Individual shareholders and individual asset managers generally cannot afford to conduct, on their own, the kind of research proxy advisors provide. It is therefore critically important that the Commission’s regulation of proxy advisors does not impede the provision of timely and independent proxy voting advice or otherwise create unnecessary burdens on the exercise of shareholder voting. For that reason, I’m pleased to support today’s amendments reconsidering certain aspects of our rules and guidance regarding proxy voting advice.
Specifically, the Commission is rescinding two elements of its 2020 proxy advisor rules that generated significant concerns among investors and other commenters. The first involves mechanisms to enhance management’s influence over proxy voting advice by effectively requiring that issuers be given advance access and an opportunity to respond to such advice, and that proxy advisors separately notify their clients of those responses despite the fact that they are publicly filed.
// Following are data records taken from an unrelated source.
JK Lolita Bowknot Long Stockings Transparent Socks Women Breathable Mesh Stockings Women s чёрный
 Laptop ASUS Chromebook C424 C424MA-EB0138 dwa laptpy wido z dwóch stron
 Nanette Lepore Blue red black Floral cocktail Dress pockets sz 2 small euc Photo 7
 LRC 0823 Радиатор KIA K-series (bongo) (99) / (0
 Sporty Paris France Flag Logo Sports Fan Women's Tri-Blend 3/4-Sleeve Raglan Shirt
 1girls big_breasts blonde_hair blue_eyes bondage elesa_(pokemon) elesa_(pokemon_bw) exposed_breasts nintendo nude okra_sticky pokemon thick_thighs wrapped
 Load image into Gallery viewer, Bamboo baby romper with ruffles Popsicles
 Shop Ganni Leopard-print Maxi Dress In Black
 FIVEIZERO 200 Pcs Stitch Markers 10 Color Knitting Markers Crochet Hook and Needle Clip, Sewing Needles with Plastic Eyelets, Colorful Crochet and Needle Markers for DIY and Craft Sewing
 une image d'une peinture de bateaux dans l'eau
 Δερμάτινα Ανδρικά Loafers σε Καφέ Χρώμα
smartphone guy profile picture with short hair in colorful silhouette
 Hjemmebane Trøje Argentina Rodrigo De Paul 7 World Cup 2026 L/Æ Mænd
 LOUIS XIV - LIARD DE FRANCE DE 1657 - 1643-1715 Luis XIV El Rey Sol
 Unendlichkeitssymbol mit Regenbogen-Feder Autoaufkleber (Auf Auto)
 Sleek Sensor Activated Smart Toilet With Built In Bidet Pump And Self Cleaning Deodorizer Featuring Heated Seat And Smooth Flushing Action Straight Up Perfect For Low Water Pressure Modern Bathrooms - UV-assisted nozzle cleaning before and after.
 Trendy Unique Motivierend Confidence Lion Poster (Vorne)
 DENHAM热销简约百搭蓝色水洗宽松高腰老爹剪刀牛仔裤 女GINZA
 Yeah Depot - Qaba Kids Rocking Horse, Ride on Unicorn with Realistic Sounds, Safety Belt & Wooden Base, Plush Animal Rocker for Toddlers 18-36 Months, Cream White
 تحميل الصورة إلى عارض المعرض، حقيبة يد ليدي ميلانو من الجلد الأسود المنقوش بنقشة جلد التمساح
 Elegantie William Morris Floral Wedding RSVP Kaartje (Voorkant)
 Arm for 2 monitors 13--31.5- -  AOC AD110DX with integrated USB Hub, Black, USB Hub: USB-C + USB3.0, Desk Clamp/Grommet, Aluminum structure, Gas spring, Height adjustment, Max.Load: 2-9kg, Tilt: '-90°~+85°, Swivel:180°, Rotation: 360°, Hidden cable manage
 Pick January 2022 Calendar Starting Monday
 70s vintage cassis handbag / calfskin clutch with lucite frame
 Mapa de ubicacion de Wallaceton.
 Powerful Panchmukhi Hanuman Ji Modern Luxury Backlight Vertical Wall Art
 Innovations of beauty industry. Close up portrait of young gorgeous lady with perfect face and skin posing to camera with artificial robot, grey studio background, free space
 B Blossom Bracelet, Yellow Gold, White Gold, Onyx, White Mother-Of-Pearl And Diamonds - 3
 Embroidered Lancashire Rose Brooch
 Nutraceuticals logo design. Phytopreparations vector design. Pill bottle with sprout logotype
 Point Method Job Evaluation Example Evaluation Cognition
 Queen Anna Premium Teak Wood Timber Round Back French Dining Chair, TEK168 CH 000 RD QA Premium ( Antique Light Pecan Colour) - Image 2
The second change rescinds a note to the proxy-related anti-fraud provisions which added examples of misstatements related to proxy voting advice that created uncertainty regarding the scope of liability for such advice.
In addition to eliminating these provisions, the Commission is rescinding certain supplemental guidance for investment advisers that was issued in connection with the 2020 amendments in response to comments that such guidance was unnecessary in light of existing previous guidance, risked increasing uncertainty regarding adviser obligations, and no longer made sense in light of the rescission of related provisions of the 2020 rules. At the same time, the Commission is retaining other elements of its recent regulation of proxy advisors including the guidance issued in 2019 and the provisions of the 2020 rulemaking designed to enhance disclosure regarding conflicts of interest.
The result of the amendments we adopt today will be better tailored and supported rules governing proxy voting advice that better balance the needs of investors and other market participants and better reflect the data we have available to us. On that last point, over the years, the Commission has gathered information regarding the proxy voting system through, for example, the issuance of a 2010 concept release and the convening of a 2018 roundtable, among other mechanisms. This extensive gathering of data and views has identified evidence of a number of areas of concern related to proxy voting and potential reforms in that space. We know, for example, that many shareholders are unable to confirm their shares are voted in accordance with their instructions, a concern that could be addressed through required end-to-end vote confirmations. There are likewise concerns about disclosure of voting information by funds that could be addressed by enhancements to Form N-PX.
There was, however, throughout the information gathering process engaged in by the Commission, an absence of any credible evidence suggesting pervasive, or even moderate, errors in proxy voting advice. In fact, the Commission’s analysis has shown that the supposed error rate for proxy voting advice is vanishing to none. Not only was there no clear basis for a rule that increased the involvement of conflicted parties in proxy voting advice, but investors (the supposed beneficiaries of the new rules) stated emphatically that this aspect of the new rules would interfere with, rather than promote, efficient proxy voting by introducing unnecessary cost and delay and increasing the risk of impaired independence.
Today’s rulemaking is responsive to those concerns. It is also responsive to the consistent feedback and data the Commission has received regarding proxy voting advice, both historically and in response to the proposal we finalize today.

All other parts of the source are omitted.